Each winner is chosen by a jury of renowned museum directors, curators, artists, and art historians who have expertise in the field and varying perspectives on the subject. The Laureate receives a $100,000 prize and a commemorative award designed by Renzo Piano, conferred in April of each year. The 2018 Nasher Prize Laureate is Chicago-based artist, Theaster Gates, the first American to be honored with the prize.

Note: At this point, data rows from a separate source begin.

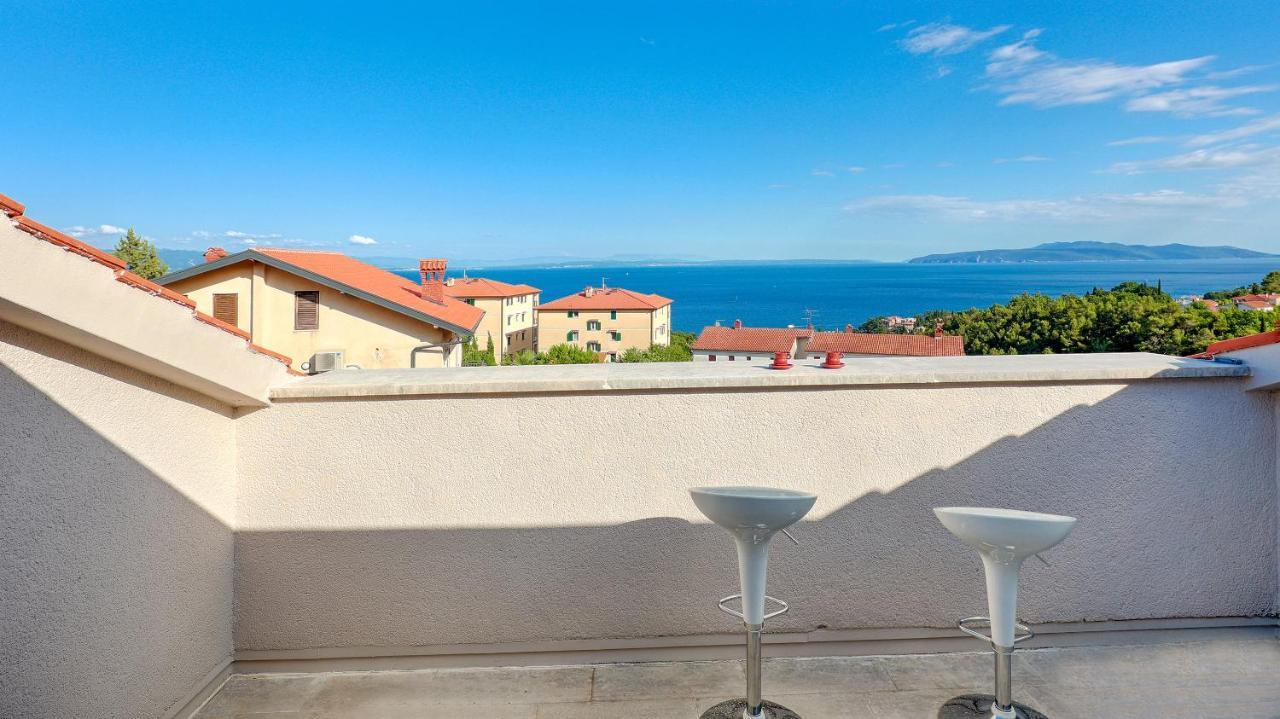 Vita,free Wifi,nearby Sea Villa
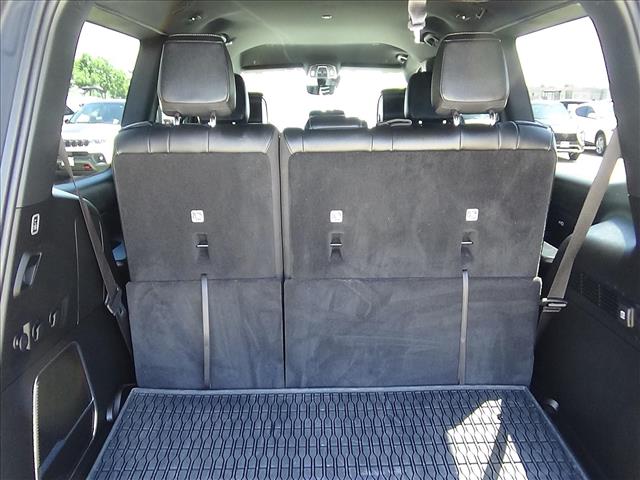 2024 Jeep Wagoneer Base:C7015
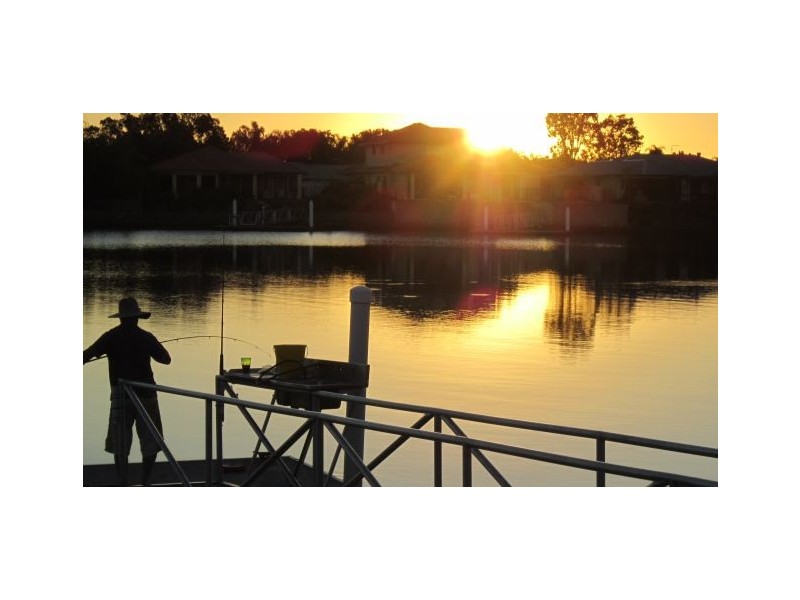 25 The Peninsula, Yamba NSW 2464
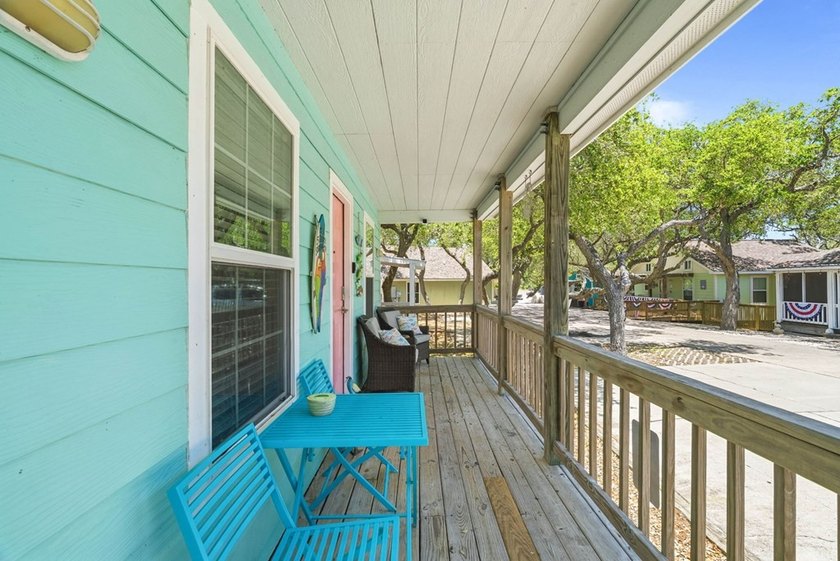 Coastal Cottage Retreat Near Copano Bay! Discover your perfect - photo 14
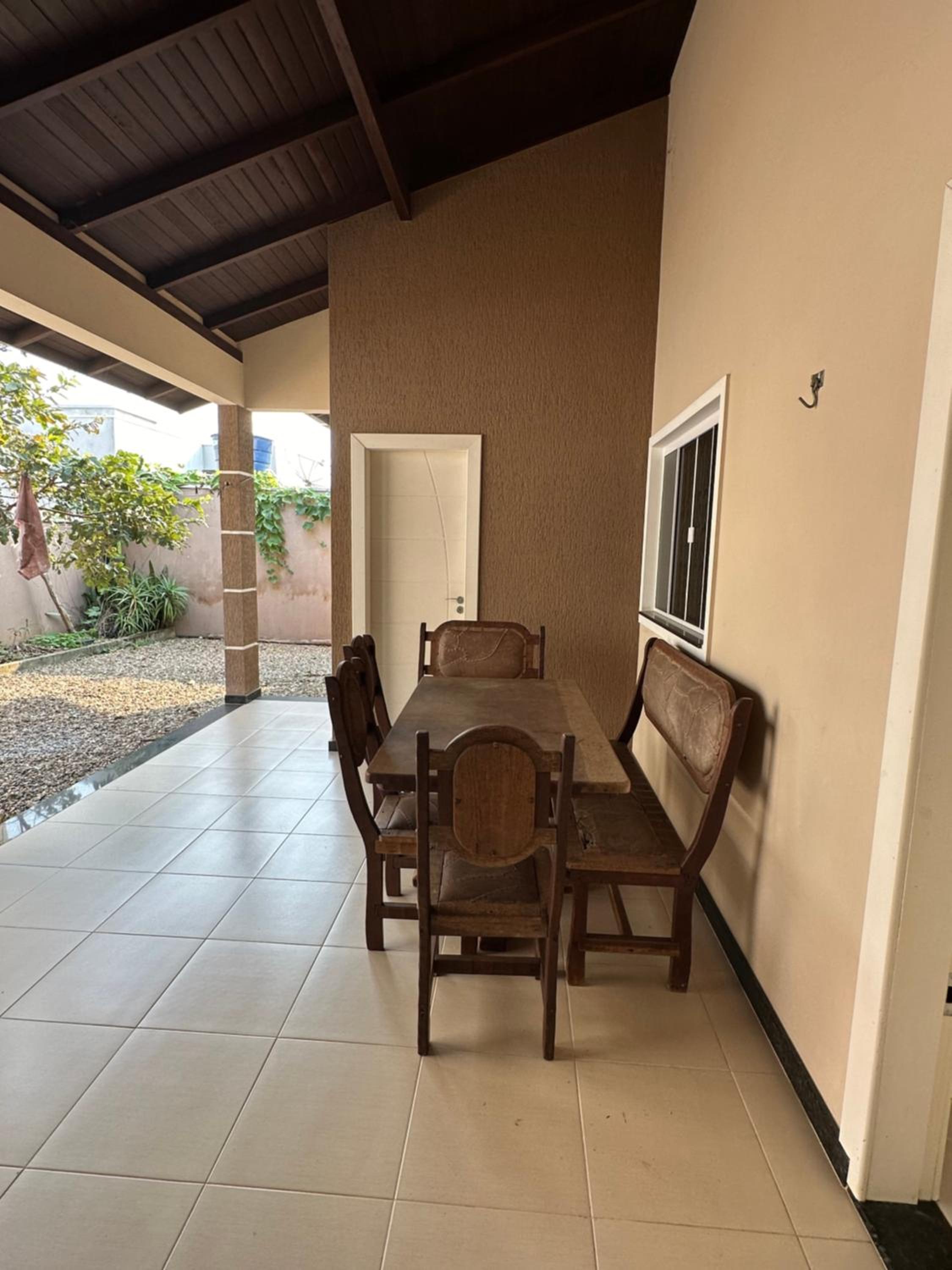 A Casa Dourada Encantada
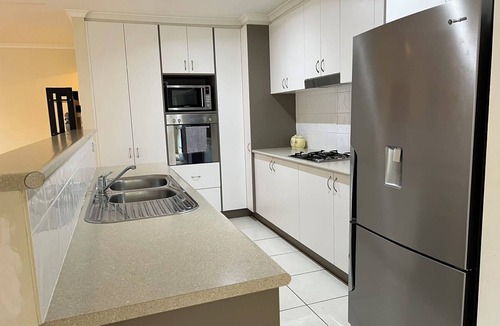 McKellar House | Spacious cheerful and comfortable family home
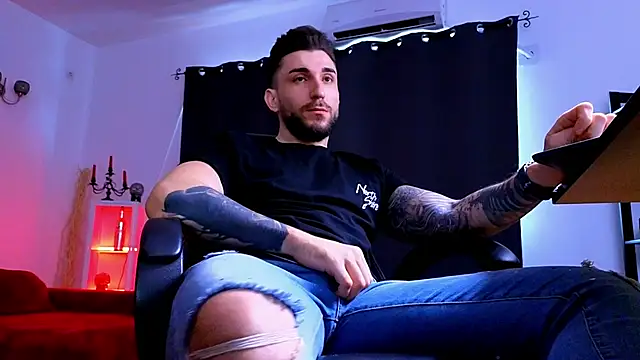 MightyAaron66's cam snapshot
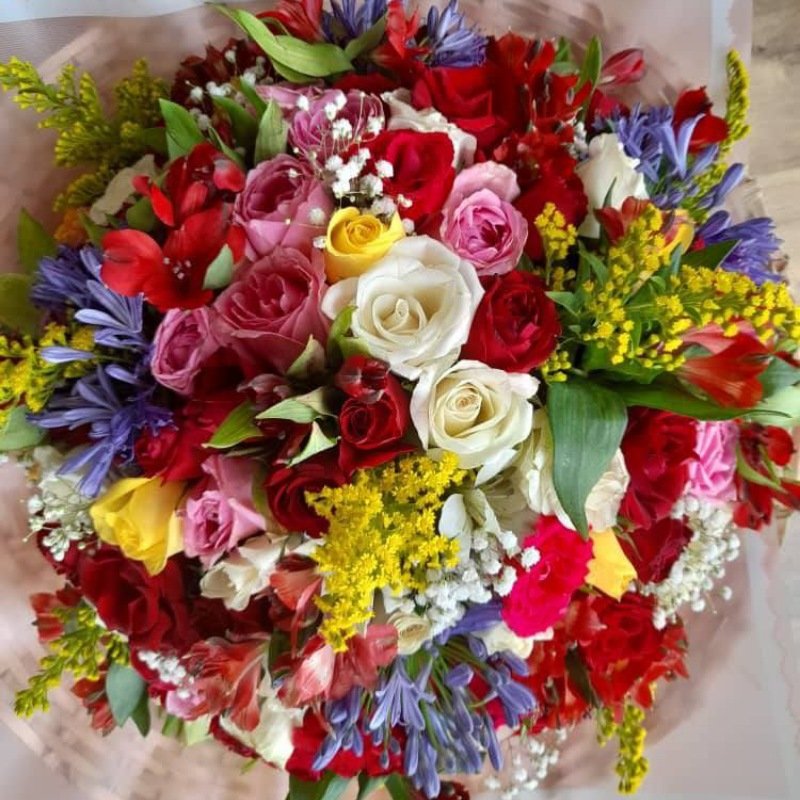 Mixed Roses with Filler Flowers 4 Mixed Roses with Filler Flowers 4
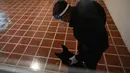 Anjing pelacak Diamond mengikuti pelatihan untuk mendeteksi COVID-19 di Bandara Internasional San Oscar Romero, di San Luis Talpa, Senin (19/4/2021). Presiden El Salvador mengumumkan negara itu akan memiliki anjing yang dilatih untuk mendeteksi orang yang terinfeksi covid-19. (MARVIN RECINOS/AFP)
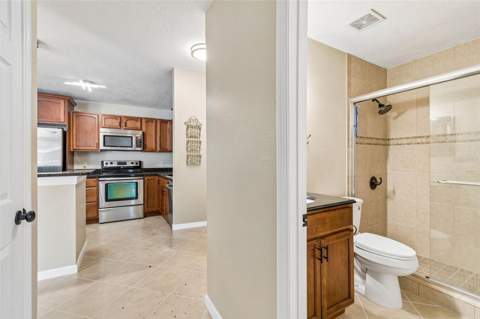 9481 Highland Oak Drive #814, Tampa FL - photo 9 of 67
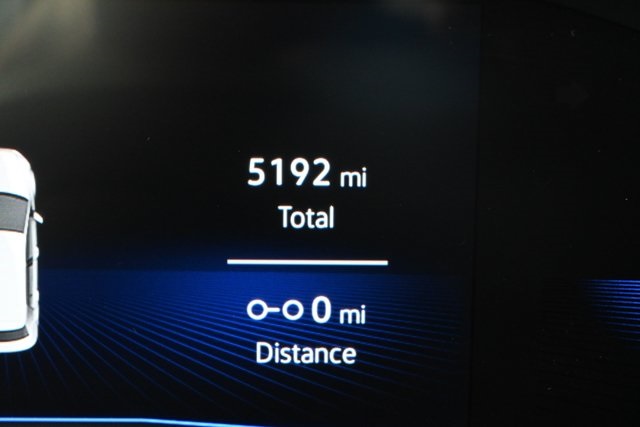 2025 Volkswagen Taos SE photo 4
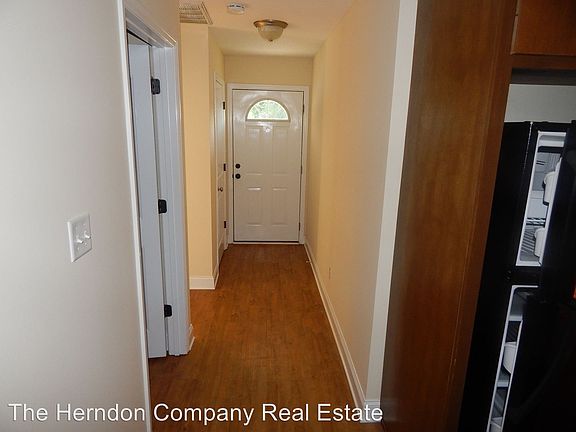 2nd image of 5201 Greyfield Cir #B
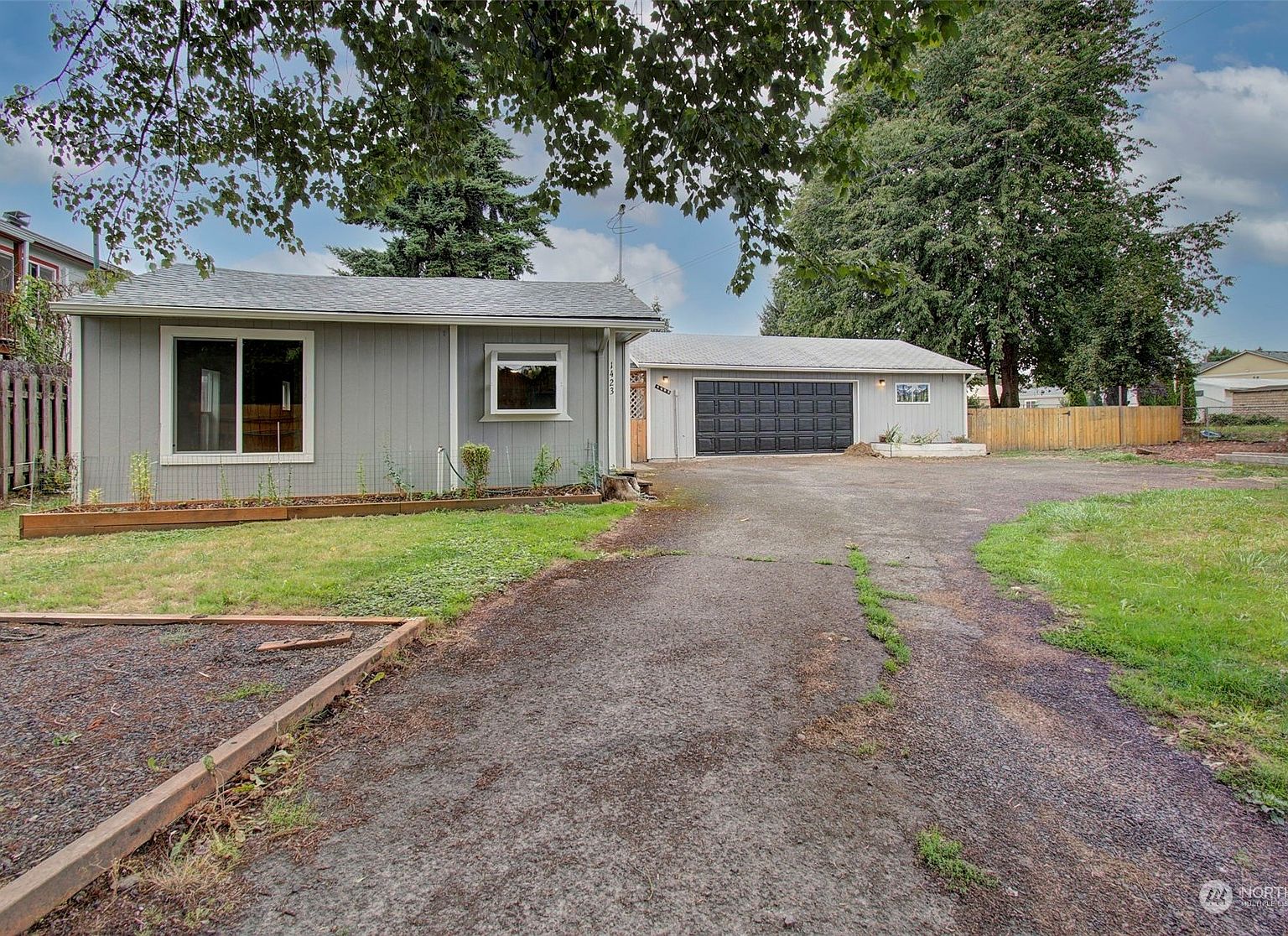 1423 S 6th Avenue, Kelso, WA 98626 | Zillow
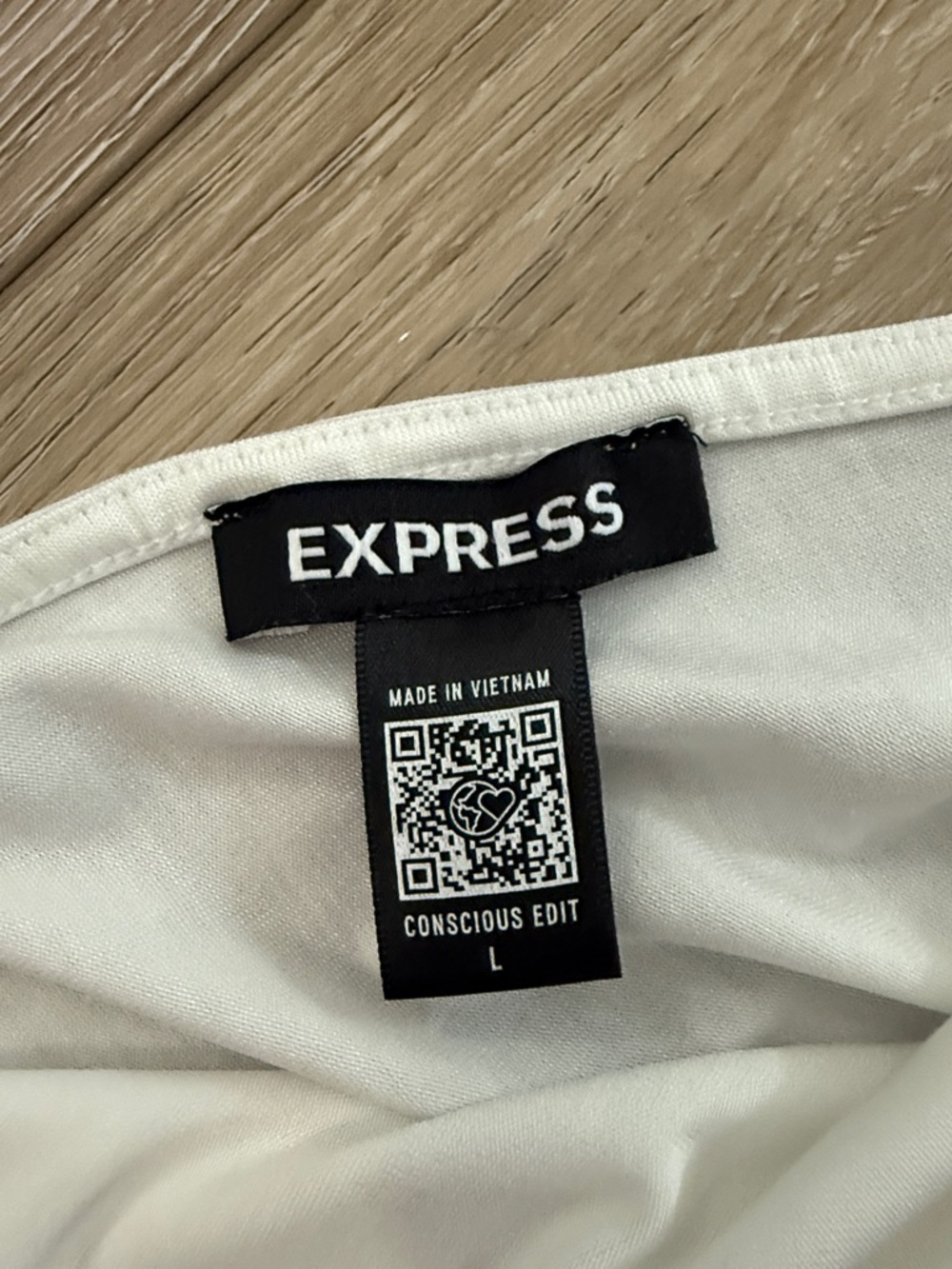 Express White One-Shoulder Top - Picture 6 of 7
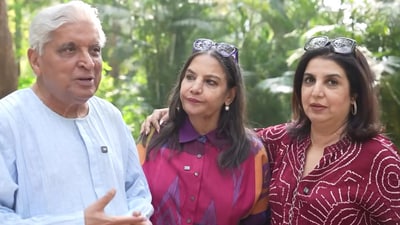 Javed Akhtar roasts Farah Khan for not knowing Hindi counting.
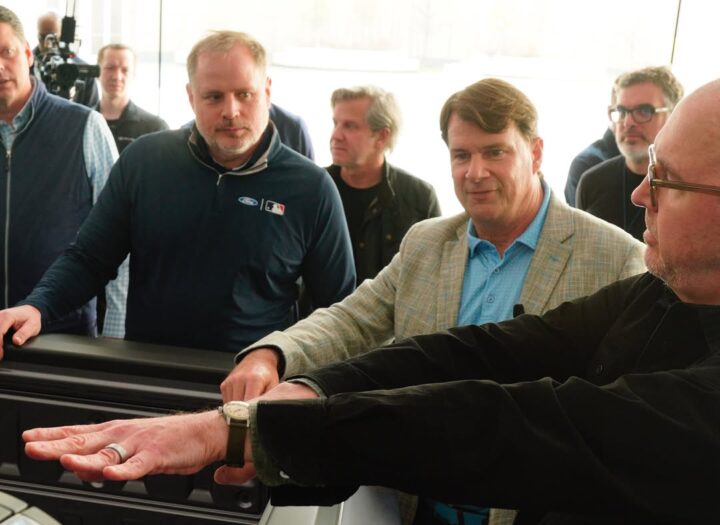 Форд електрически пикап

As part of the celebration of Gates’s designation as the recipient of the Nasher Prize, the Nasher Sculpture Center presents five works by the Laureate. While representing only a small part of the artist’s diverse body of work, which includes large-scale installations, performance, and urban renewal projects, each object illuminates key elements of Gates’s practice. Both Civil Tapestry Composite – circle study and Dirty Red touch on the artist’s use of reclaimed materials that often bear the weight of historical and political references, while Square Work. 2000s with a little bit of 60s is informed by Gates’s archiving practice, itself a reclamation of lost or forgotten histories. The wall-based Squirt and the ceramic and plaster sculpture The Steeple allude to aspects of the artist’s biography through the respective materials of tar and clay. The five works underscore Gates’s ongoing dialogue with the history of modern and contemporary practices.